Taxpayers have been taking the position that the deemed liquidation constitutes a disposition of the RFAs under Sec. 901(m)(3)(B)(ii) and that, as a result, all of the basis difference from the RFAs is allocated to FT's final tax year that occurs because of the deemed liquidation, and that no basis difference is allocated to any later tax year. The temporary regulations are intended to prevent this and similar practices.

The temporary regulations identify the transactions that are CAAs and the assets that are RFAs with respect to a CAA. They also provide a general rule for determining the basis difference for an RFA under Sec. 901(m)(3)(C) and a special rule for determining the basis difference for an RFA that arises as a result of an acquisition of an interest in a partnership that has made a Sec. 754 election.
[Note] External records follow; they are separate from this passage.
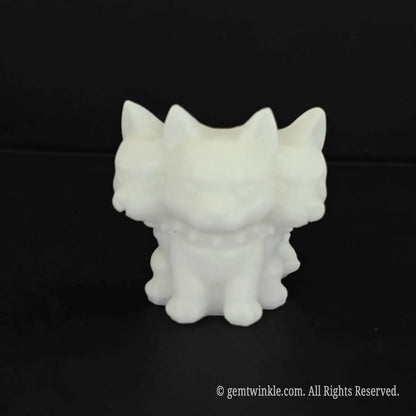 A standalone front view of a 4.5cm cute white marble Cerberus figurine with an oversized three headed puppy design and spiked collar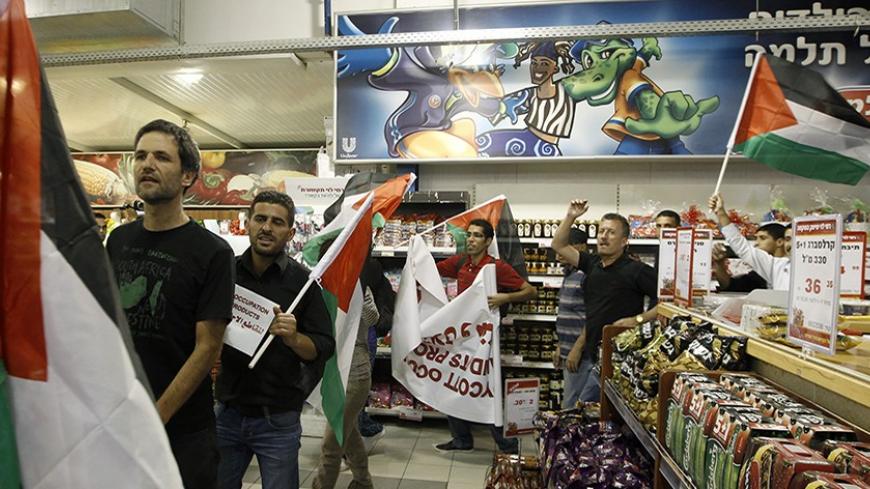 Foreign and Palestinian activists hold Palestinian flags as they march through a supermarket in the West Bank Jewish settlement of Modiin Illit October 24, 2012. Some 50 activists marched through the supermarket and tried to block a road in the settlement on Wednesday during a protest against Jewish settlements and in a call to boycott settlement products. REUTERS/Ammar Awad (WEST BANK - Tags: POLITICS CIVIL UNREST FOOD TPX IMAGES OF THE DAY) - RTR39IM8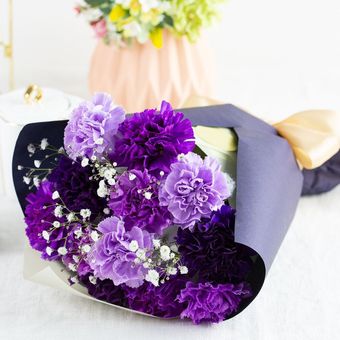 青いカーネーションムーンダスト12本花束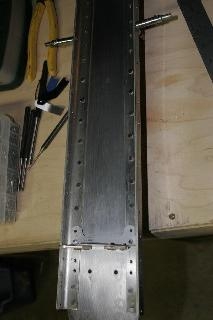 riveted doubler and spar caps to spar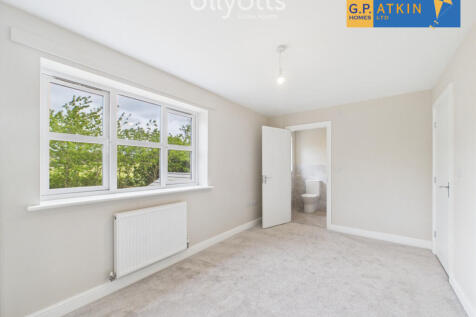 Bedroom with logo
The temporary regulations also provide rules for taking into account basis difference under the applicable cost recovery method or as a result of a disposition of an RFA and successor rules for applying Sec. 901(m) to subsequent transfers of RFAs that have a basis difference that has not yet been fully taken into account.

The IRS also issued proposed regulations (REG-129128-14) that contain rules for computing the disqualified portion of foreign income taxes under Sec. 901(m), including definitions and rules for determining whether and to what extent basis difference that is assigned to a given tax year is carried over to subsequent tax years.

The temporary regulations are effective based on the date that the IRS issued Notices 2014-44 and 2014-45. They generally apply to CAAs occurring on or after July 21, 2014, or to CAAs occurring before that date that are the result of an entity classification election made after July 29, 2014, that is effective before July 21, 2014.

The proposed regulations will apply to CAAs that occur after the proposed regulations are finalized.